*Goal of the exercise*
Report the count of lines with "compresión" in the data below, and no other words.

*** Task inputs Section Begins ***

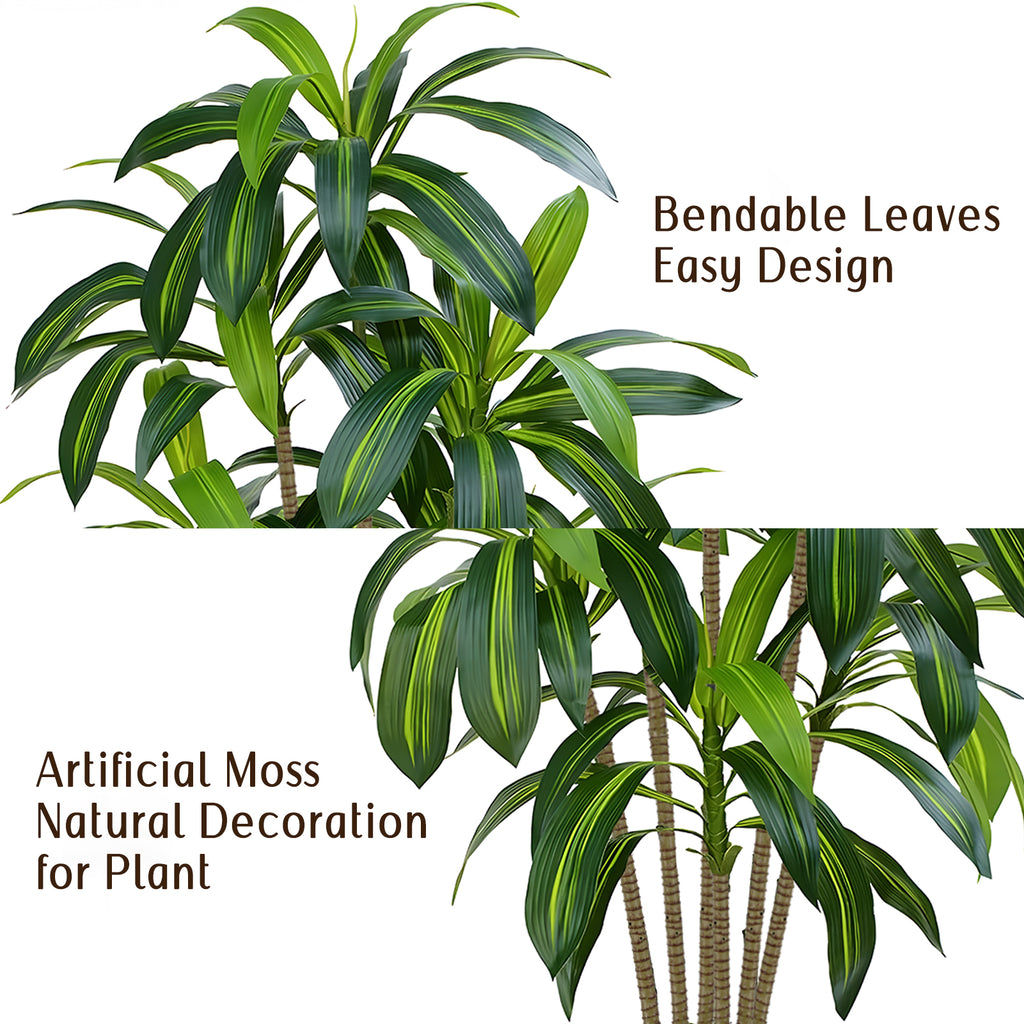 CandWuom 6FT Artificial Dracaena Tree,Fake Tree with White Tall Planter - Faux Yucca Tall Fake Floor Plant in Pot - Artificial Trees for Home Office Living Room Decor Indoor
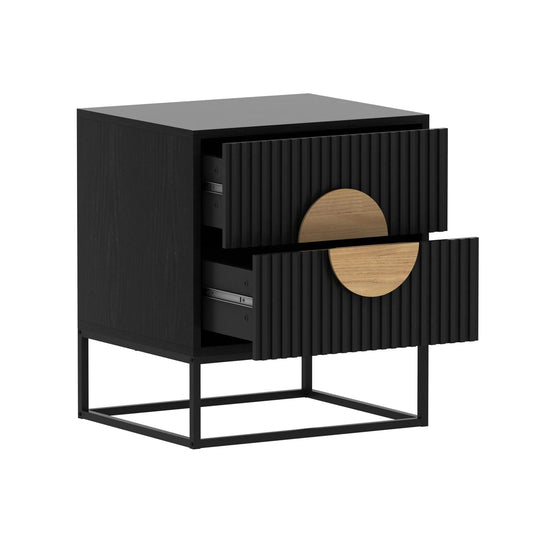 Belmonte Fluted Bedside Table in Black - Mekamart Australia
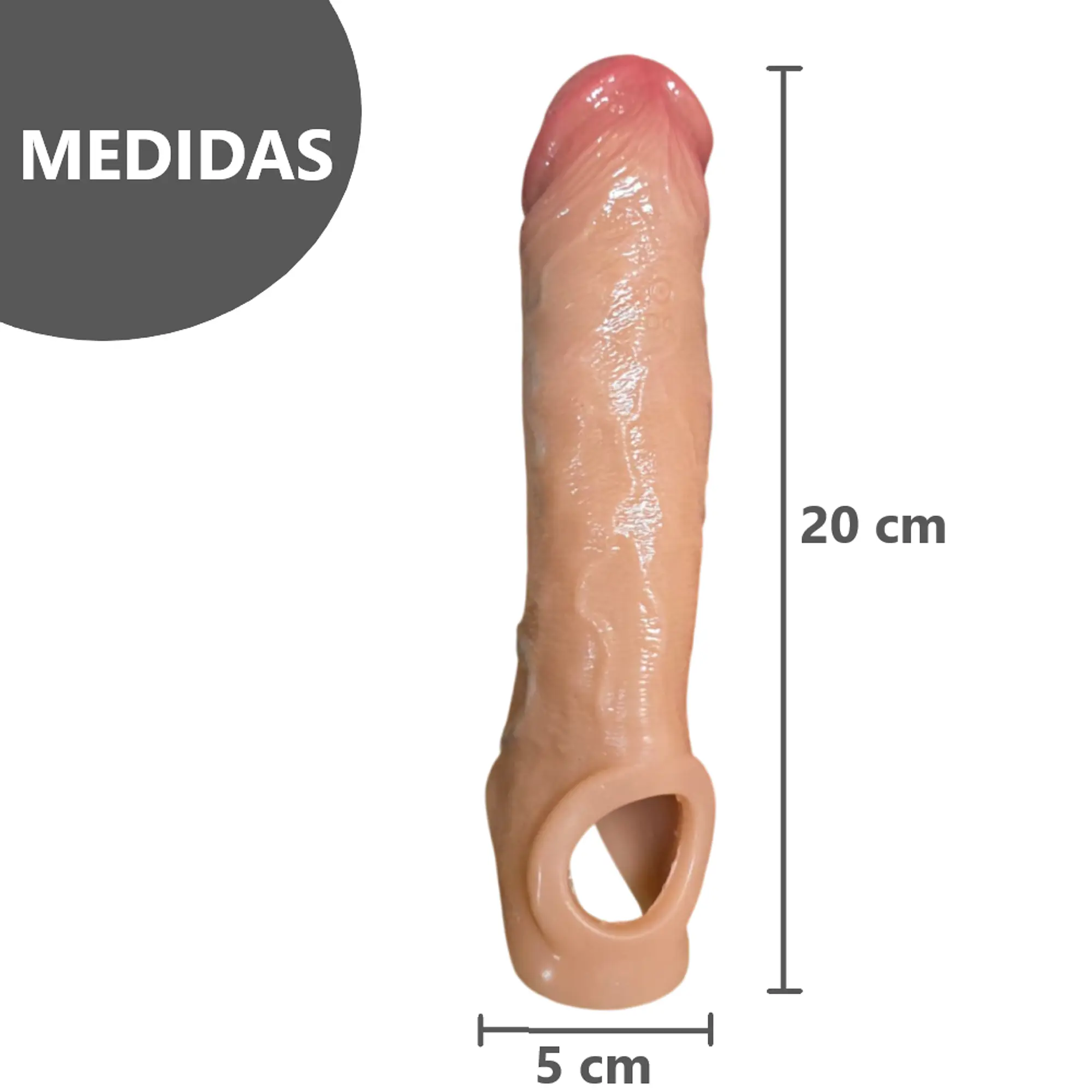 Manga con vibrador para Extender el pene Reutilizable y control remoto - 20 cm 2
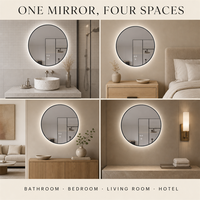 Miroir de salle de bain LED rond mural, cadre en métal noir fin, rétroéclairé, interrupteur tactile, miroir intelligent pour appartement, hôtel, commandes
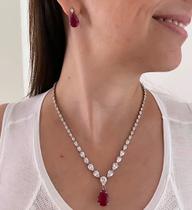 Conjunto Colar Riviera e Brincos Gota Rubi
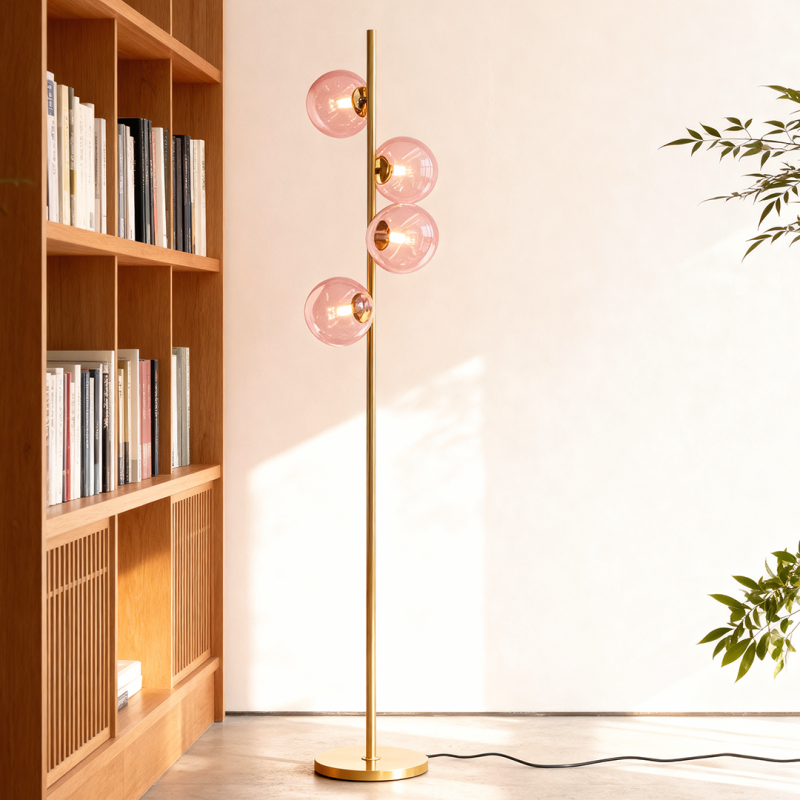 Design vloerlamp roze, Remo, met schakelaar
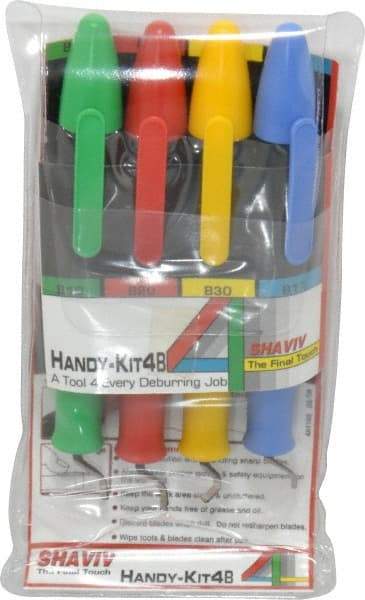 Shaviv - 8 Piece, High Speed Steel Blade, Hand Deburring Tool Set - B Blade Holder, For Hole Edge, Straight Edge - A1 Tooling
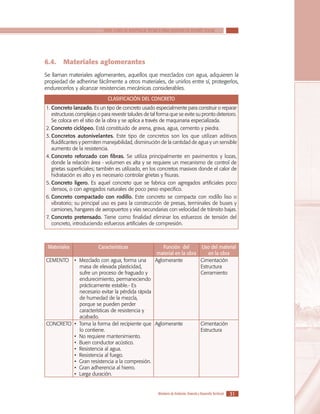 SERIE GUÍAS DE ASISTENCIA TÉCNICA PARA VIVIENDA DE INTERÉS SOCIAL

6.4.	 Materiales aglomerantes
Se llaman materiales aglomerantes, aquellos que mezclados con agua, adquieren la
propiedad de adherirse fácilmente a otros materiales, de unirlos entre sí, protegerlos,
endurecerlos y alcanzar resistencias mecánicas considerables.
CLASIFICACIÓN DEL CONCRETO
1.	Concreto lanzado. Es un tipo de concreto usado especialmente para construir o reparar
estructuras complejas o para revestir taludes de tal forma que se evite su pronto deterioro.
Se coloca en el sitio de la obra y se aplica a través de maquinaria especializada.
2.	Concreto ciclópeo. Está constituido de arena, grava, agua, cemento y piedra.
3.	Concretos autonivelantes. Este tipo de concretos son los que utilizan aditivos
fluidificantes y permiten manejabilidad, disminución de la cantidad de agua y un sensible
aumento de la resistencia.
4.	Concreto reforzado con fibras. Se utiliza principalmente en pavimentos y lozas,
donde la relación área - volumen es alta y se requiere un mecanismo de control de
grietas superficiales; también es utilizado, en los concretos masivos donde el calor de
hidratación es alto y es necesario controlar grietas y fisuras.
5.	Concreto ligero. Es aquel concreto que se fabrica con agregados artificiales poco
densos, o con agregados naturales de poco peso especifico.
6.	Concreto compactado con rodillo. Este concreto se compacta con rodillo liso o
vibratorio; su principal uso es para la construcción de presas, terminales de buses y
camiones, hangares de aeropuertos y vías secundarias con velocidad de tránsito bajas.
7.	Concreto pretensado. Tiene como finalidad eliminar los esfuerzos de tensión del
concreto, introduciendo esfuerzos artificiales de compresión.

Materiales
CEMENTO

Características

Función del
Uso del material
material en la obra
en la obra
Aglomerante
Cimentación
Estructura
Cerramiento

• Mezclado con agua, forma una
masa de elevada plasticidad,
sufre un proceso de fraguado y
endurecimiento, permaneciendo
prácticamente estable.- Es
necesario evitar la pérdida rápida
de humedad de la mezcla,
porque se pueden perder
características de resistencia y
acabado.
CONCRETO • Toma la forma del recipiente que Aglomerante
lo contiene.
• No requiere mantenimiento.
• Buen conductor acústico.
• Resistencia al agua.
• Resistencia al fuego.
• Gran resistencia a la compresión.
• Gran adherencia al hierro.
• Larga duración.

Cimentación
Estructura

Ministerio de Ambiente, Vivienda y Desarrollo Territorial

31

 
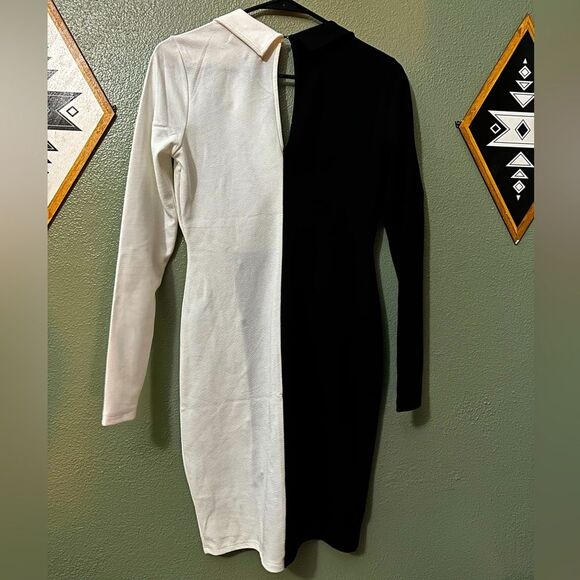 Almost Famous Juniors Black White Colorblock Bodycon Dress Gold Buttons Size M - Picture 4 of 4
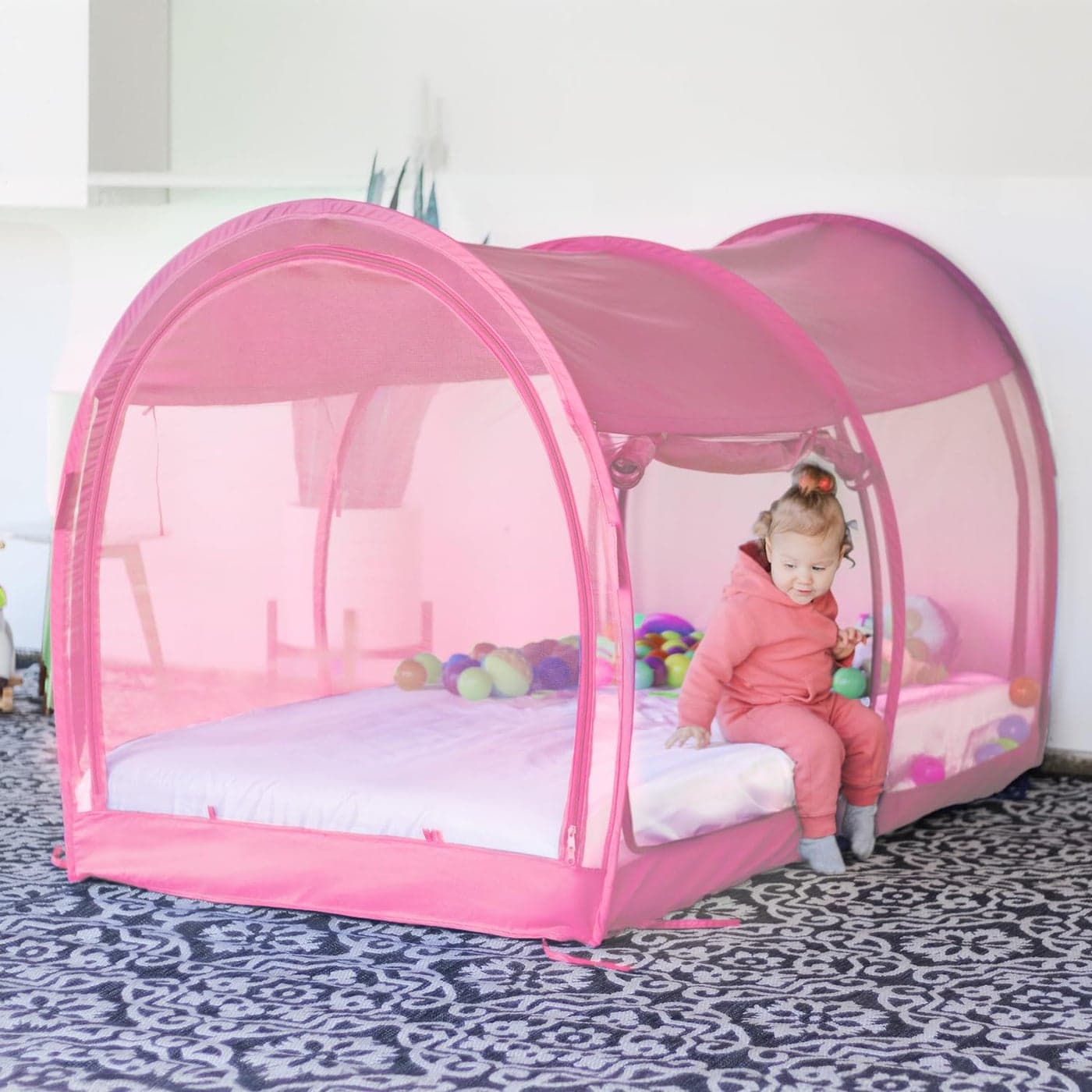 LEEDOR Mosquito Net Bed Tent Canopy Indoor Tent Privacy Bed Fort Dream Tent for Kids or Adult Pink Twin 75 X 39 X 47H Mattress Not Included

*** Task inputs Section Ends ***

*Solution for this task*
2